THE INPUT
════

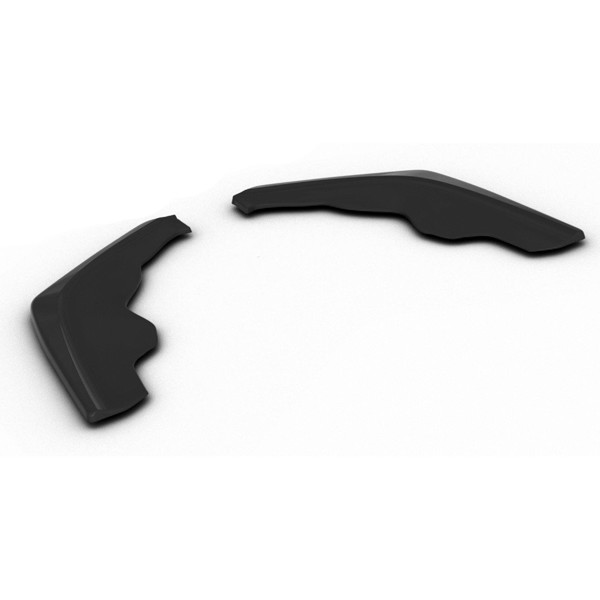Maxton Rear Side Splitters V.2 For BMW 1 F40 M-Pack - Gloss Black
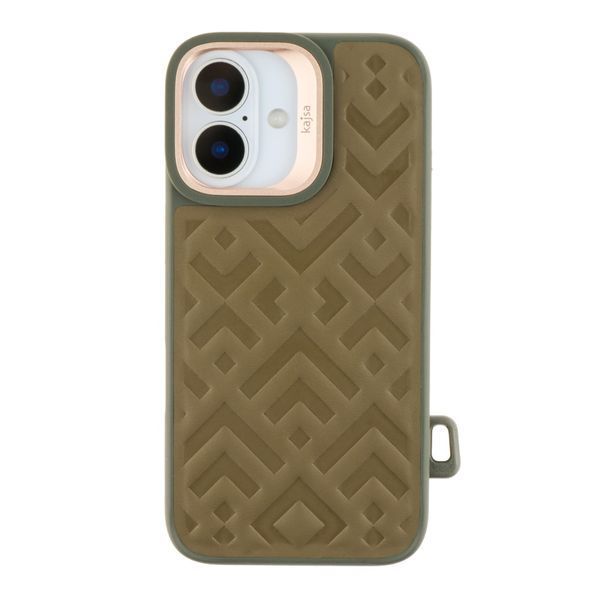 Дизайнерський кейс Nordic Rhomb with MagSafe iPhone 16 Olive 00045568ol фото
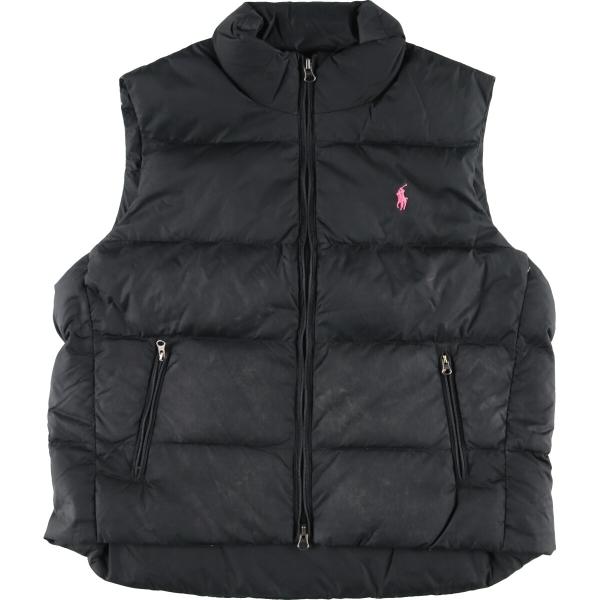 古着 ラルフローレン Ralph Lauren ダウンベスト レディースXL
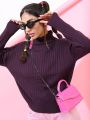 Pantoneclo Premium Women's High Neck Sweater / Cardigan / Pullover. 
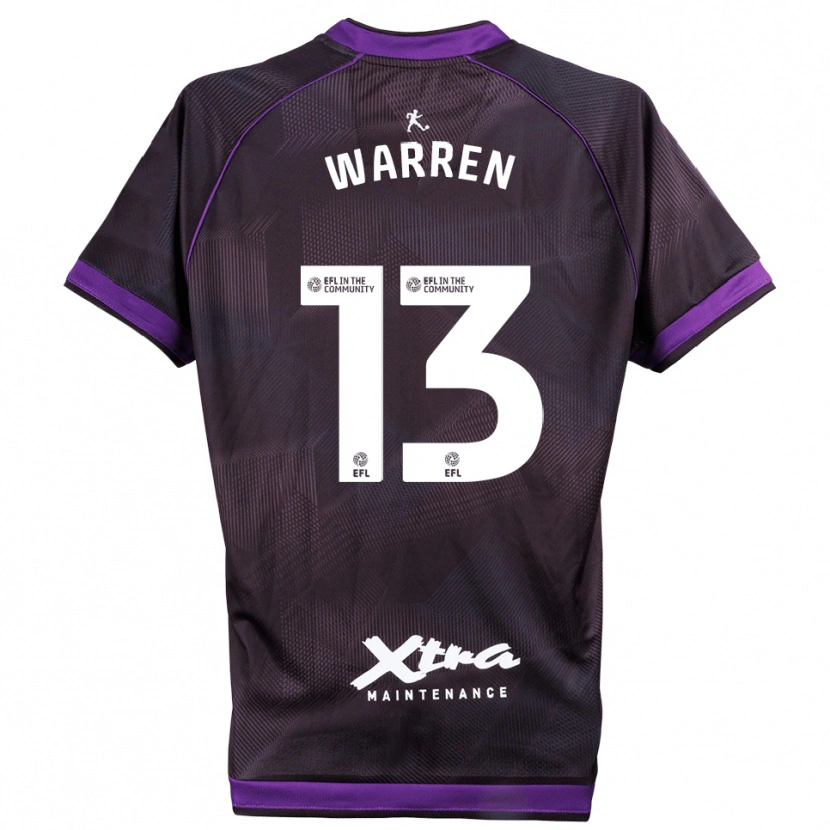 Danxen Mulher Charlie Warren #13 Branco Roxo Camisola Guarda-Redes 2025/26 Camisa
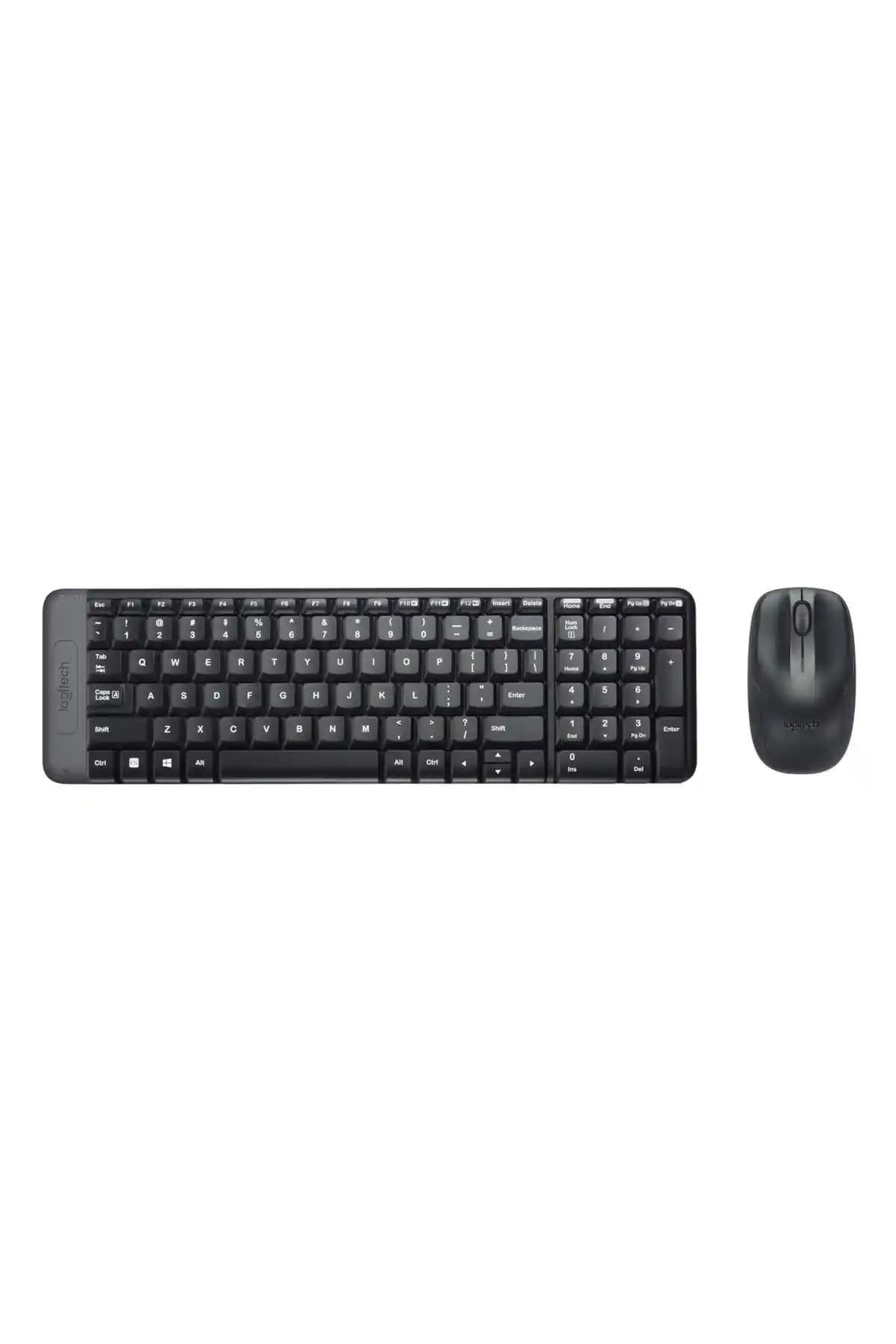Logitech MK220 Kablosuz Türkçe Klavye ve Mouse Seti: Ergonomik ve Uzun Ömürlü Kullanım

════

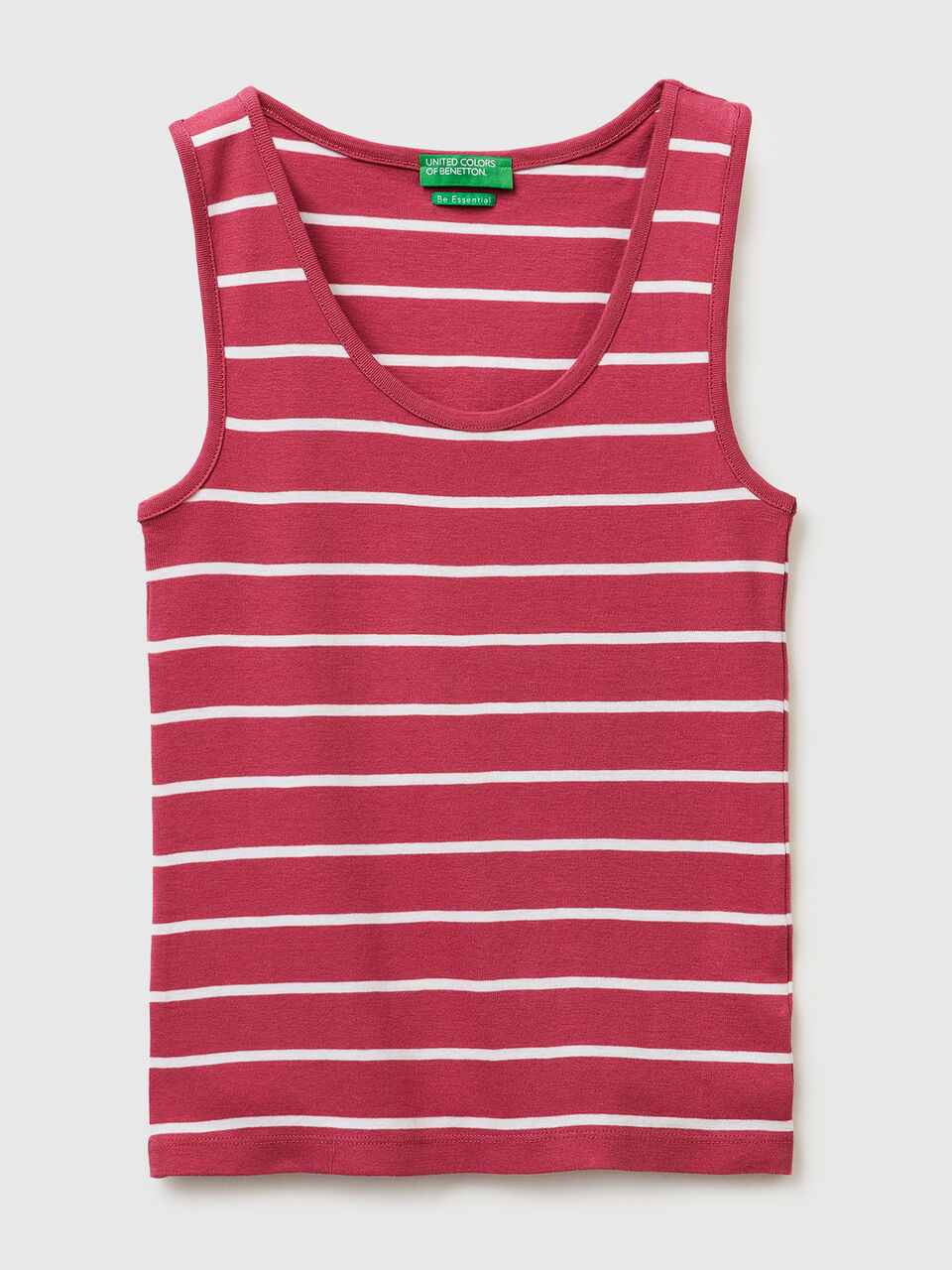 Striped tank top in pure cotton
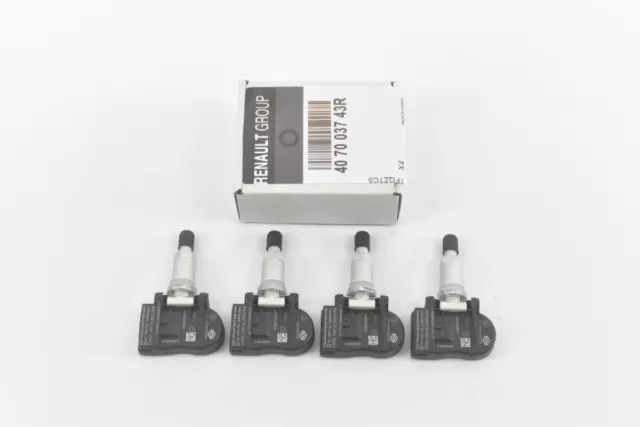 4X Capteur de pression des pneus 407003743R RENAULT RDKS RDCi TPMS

════

WORK REQUIRED
Output exactly the lines above, beginning at the one with "Striped tank top in pure cotton" and stopping after the one with "4X Capteur de". Pictures are to be omitted.

ANSWER TO THIS TASK
 Striped tank top in pure cotton
 4X Capteur de pression des pneus 407003743R RENAULT RDKS RDCi TPMS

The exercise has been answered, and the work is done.